TASK INPUTS:
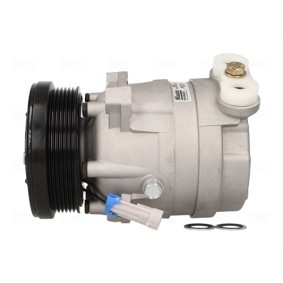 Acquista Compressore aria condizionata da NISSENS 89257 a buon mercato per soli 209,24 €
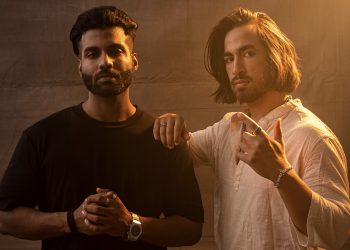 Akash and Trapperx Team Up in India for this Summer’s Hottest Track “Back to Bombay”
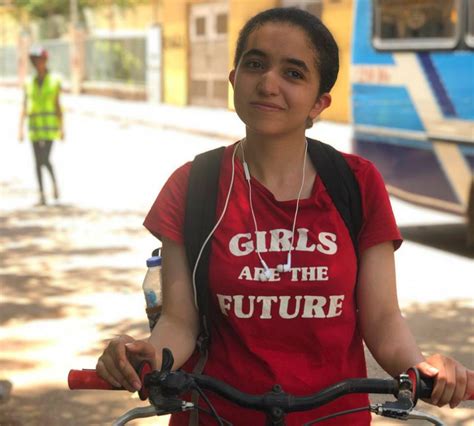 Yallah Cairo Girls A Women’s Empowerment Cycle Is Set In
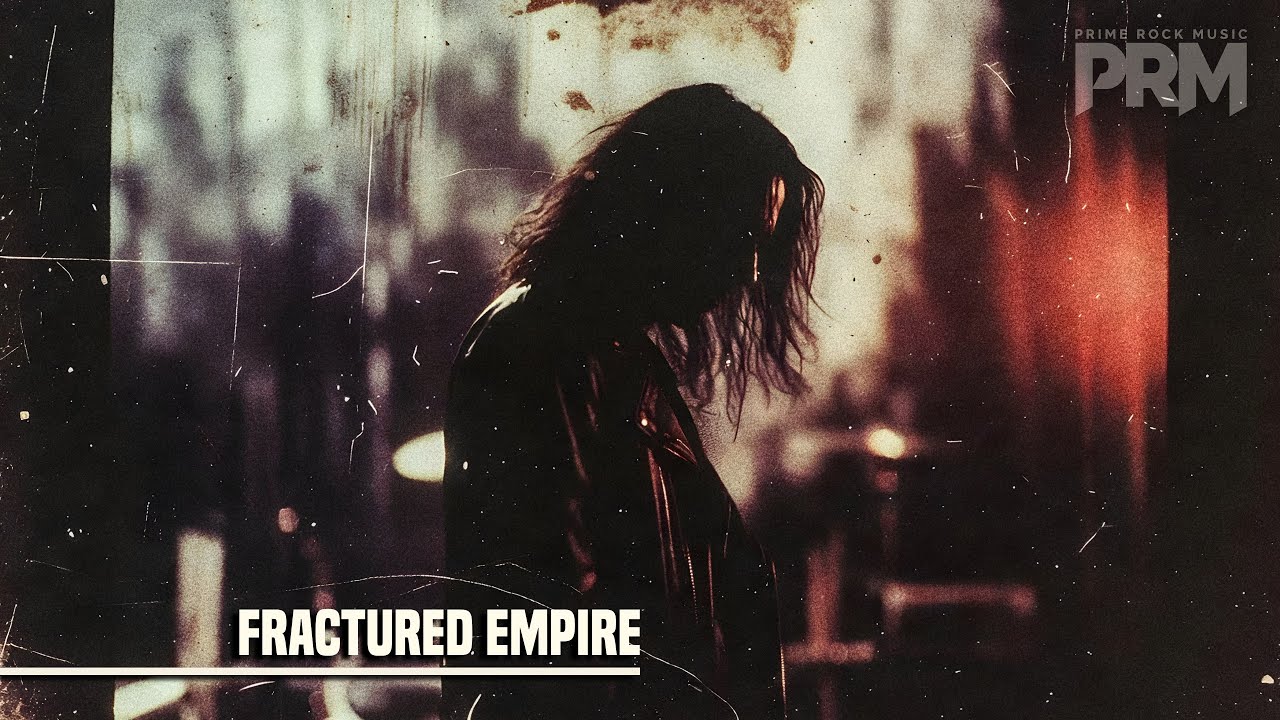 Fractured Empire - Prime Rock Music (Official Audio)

--

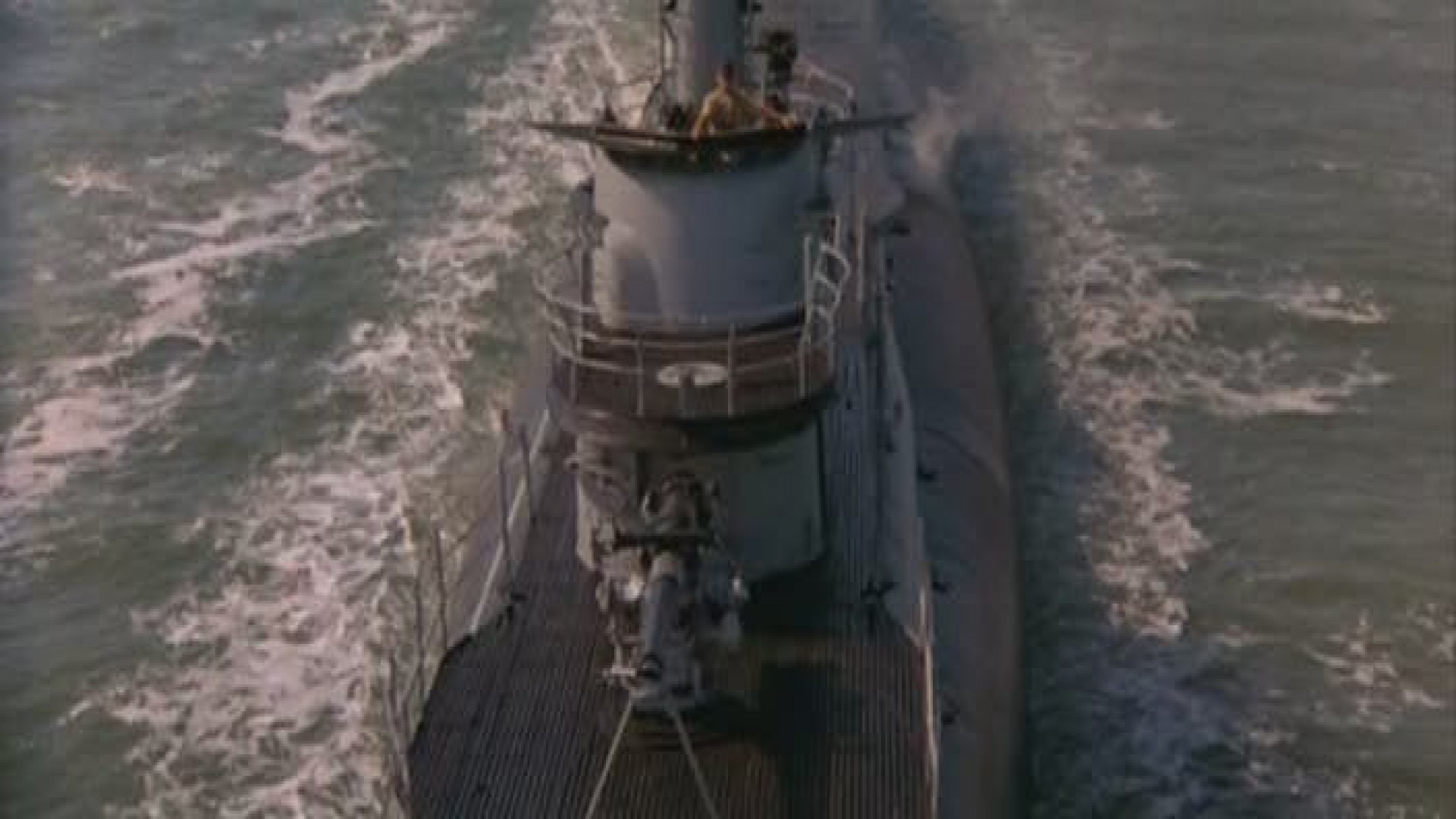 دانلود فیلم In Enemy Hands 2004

...

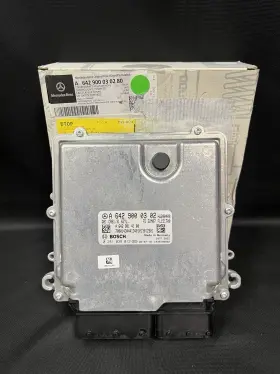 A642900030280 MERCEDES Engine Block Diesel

TASK GOAL: Beginning with the line above that contains "Yallah Cairo Girls" and finishing with the line that contains "Fractured Empire - Prime", print those lines exactly and only. Skip all pictures.

WRITTEN RESPONSE:
 Yallah Cairo Girls A Women’s Empowerment Cycle Is Set In
 Fractured Empire - Prime Rock Music (Official Audio)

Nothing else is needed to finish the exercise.